* _Work item_
Look for the line containing "Tired of typing" and the line containing "And she's buying" in the entries below. Copy those two and all lines between them exactly, leaving out pictures.

[Information provided Boundary: Start]

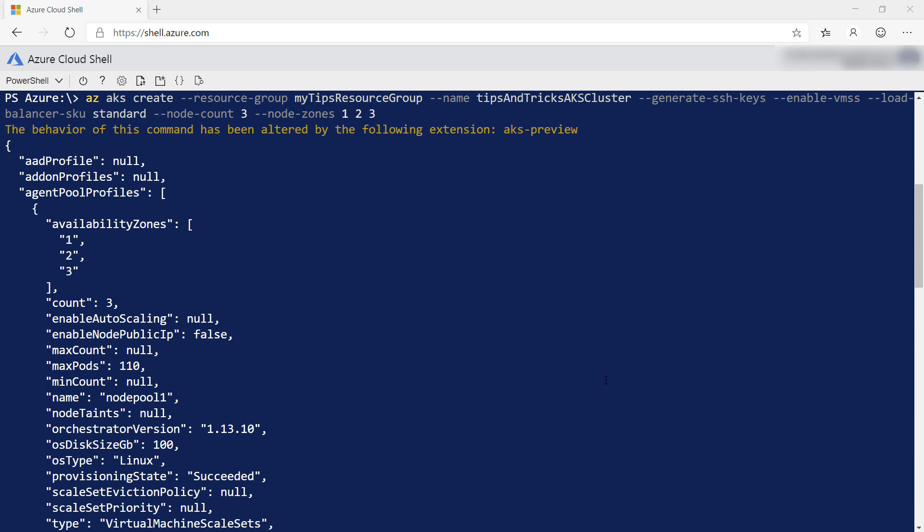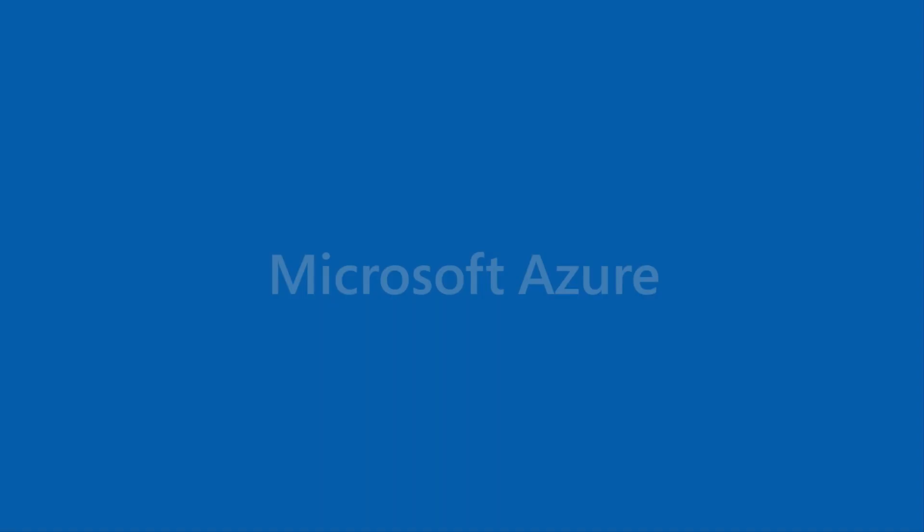The Kubernetes cluster is created, and its nodes are distributed across availability zones. When you use availability zones for your Kubernetes cluster, you can make it highly available and protect it against failure of a single data center. Go and check it out.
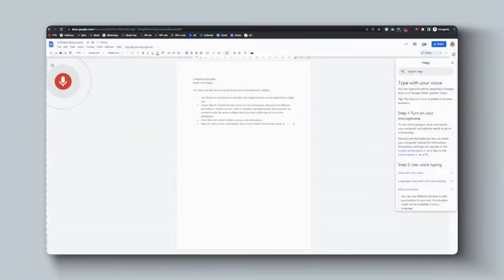Tired of typing your blog posts, social media captions, or video outlines? Then open up a new Google Doc and give Google Voice Typing a go. I bet you will love it as much as I do, and I'll show you how to get up and running with it in this video.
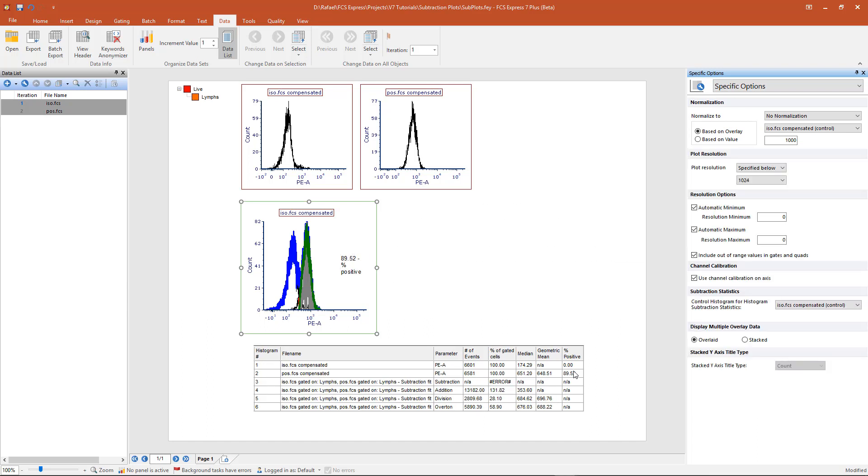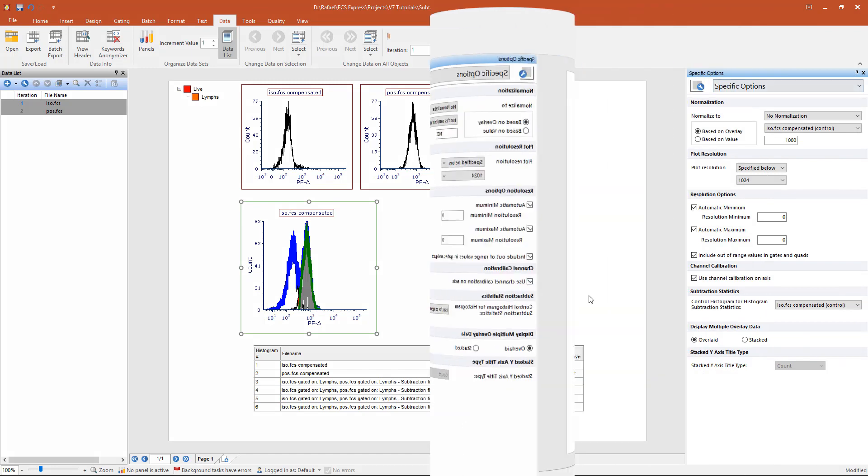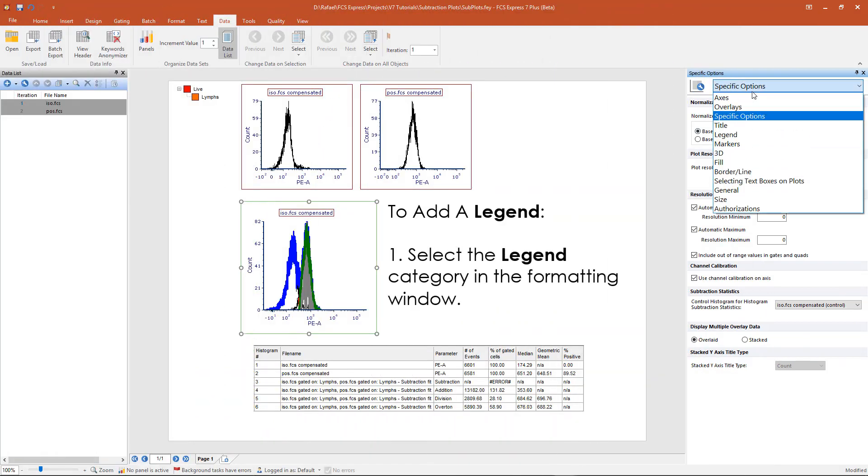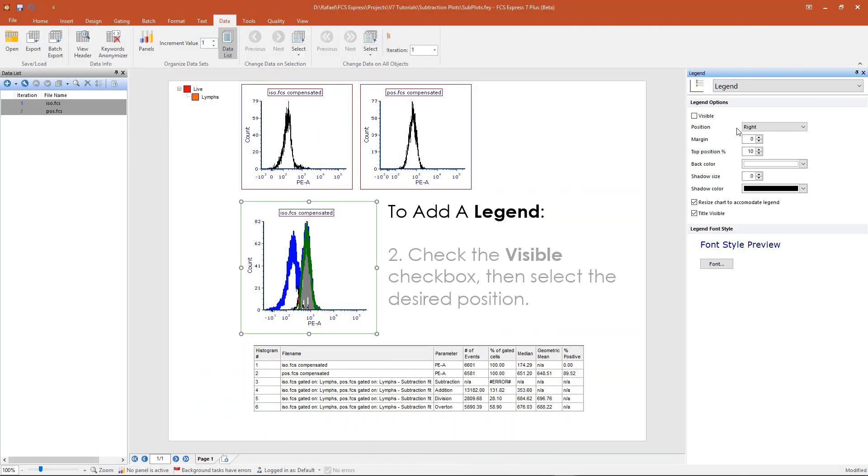A full description of these different statistics can be found in the FCS Express manual section on subtraction plots. A legend may also be added to subtraction plots from the legend formatting window.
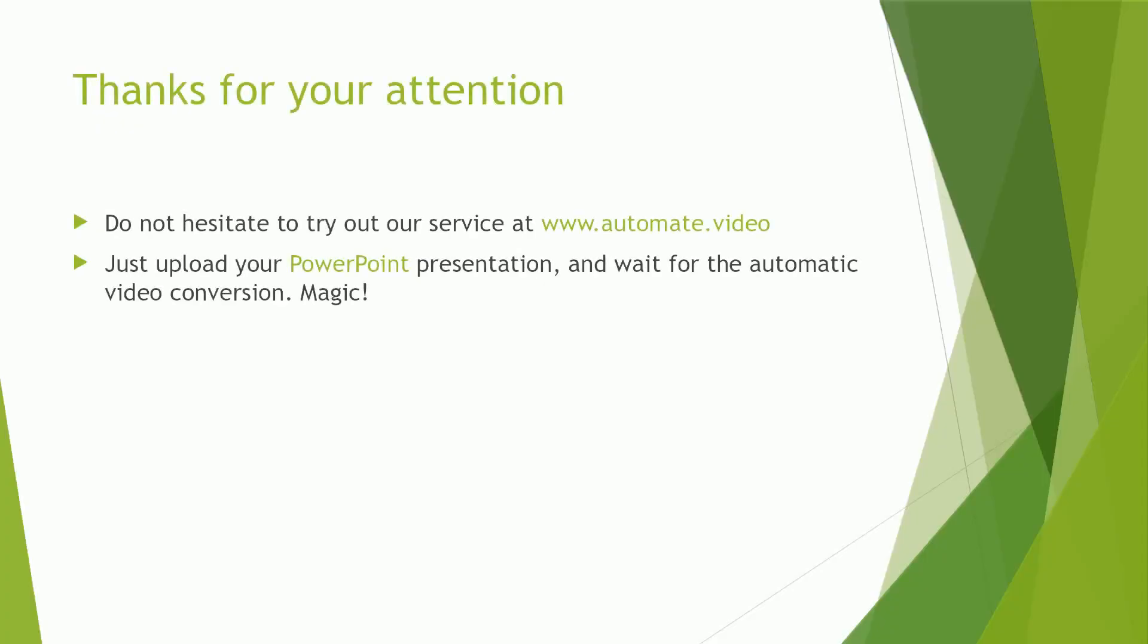This tutorial is now over. I sincerely hope it was helpful and clear enough for you. Do not hesitate to try out automate video, you will not regret it. Thanks again, I wish you a great day.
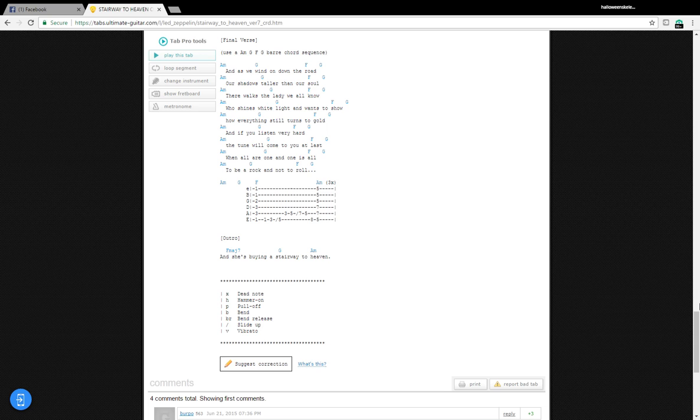And she's buying the stairway to heaven. The tune will come to you at last, the tune will come to you at last.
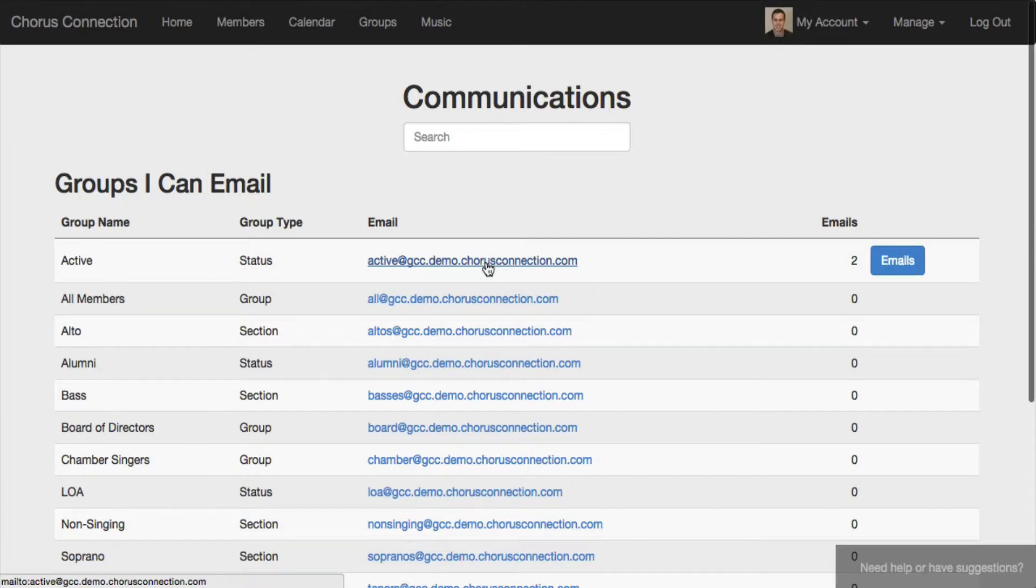The difference is with Google or Yahoo Groups, you have to manually update those every single time someone's membership status changes.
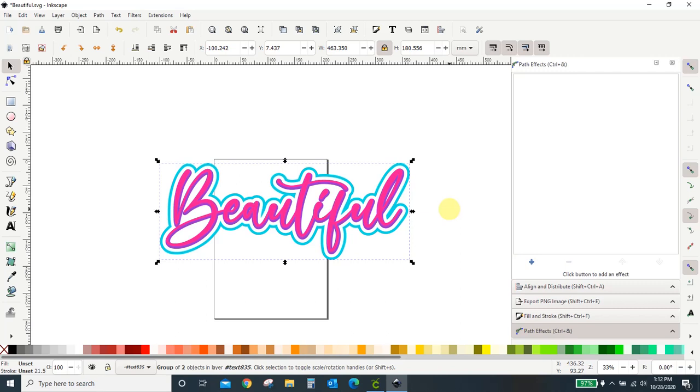Hey guys, Crystal here at Crystal's Crafties. In today's tutorial I want to show you how to take a file that you have created in Inkscape and upload it into Cricut Design Space.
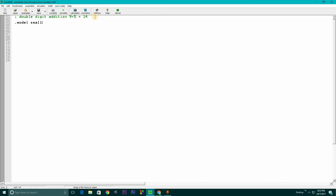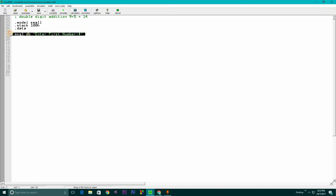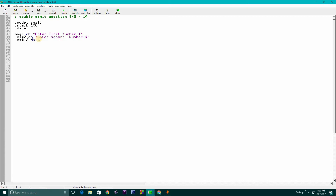We start with '.model small', '.stack 100H'. I will review this at the end of the video. Then we write the data segment. In the data segment we write: msg1 DB 'Enter first number$', msg2 DB 'Enter second number$', and msg3 DB which contains our addition result, ending with a dollar sign. Message 3 is done.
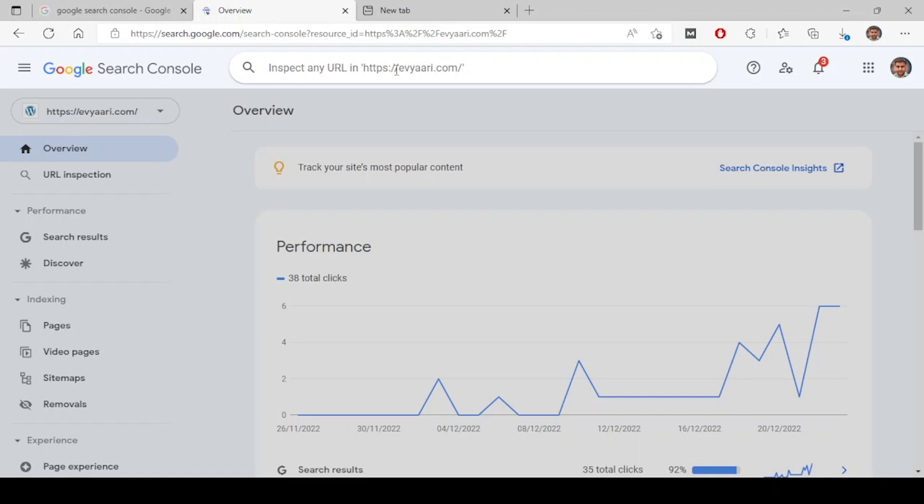What this means is, whichever URL is on your website, if you want to know the performance of that URL - like if it is present on Google or not, is it being crawled, when was the last crawl date, are there any issues, what are the indexing issues.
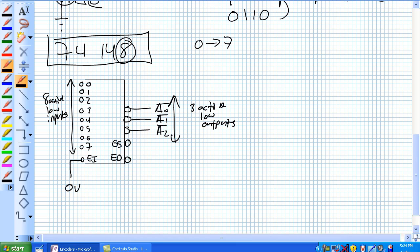But now an EO, what does the EO do? Well, that is enable output. Basically when this particular chip that we're talking about here is receiving one of these active low inputs there, this EO goes high, okay?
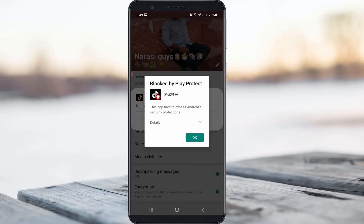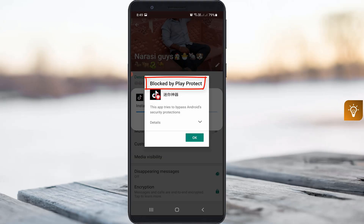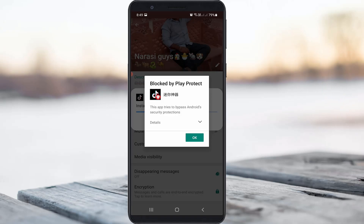Hello guys and welcome back to my YouTube channel TechAns. Today I got the following error notification while trying to install an APK file on my Android mobile — it shows 'blocked by Play Protect' and there is no other install option available. This is happening due to the Google Play Protect security settings.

[Information provided Boundary: End]

* _Exercise response_
Tired of typing your blog posts, social media captions, or video outlines? Then open up a new Google Doc and give Google Voice Typing a go. I bet you will love it as much as I do, and I'll show you how to get up and running with it in this video.
A full description of these different statistics can be found in the FCS Express manual section on subtraction plots. A legend may also be added to subtraction plots from the legend formatting window.
This tutorial is now over. I sincerely hope it was helpful and clear enough for you. Do not hesitate to try out automate video, you will not regret it. Thanks again, I wish you a great day.
And she's buying the stairway to heaven. The tune will come to you at last, the tune will come to you at last.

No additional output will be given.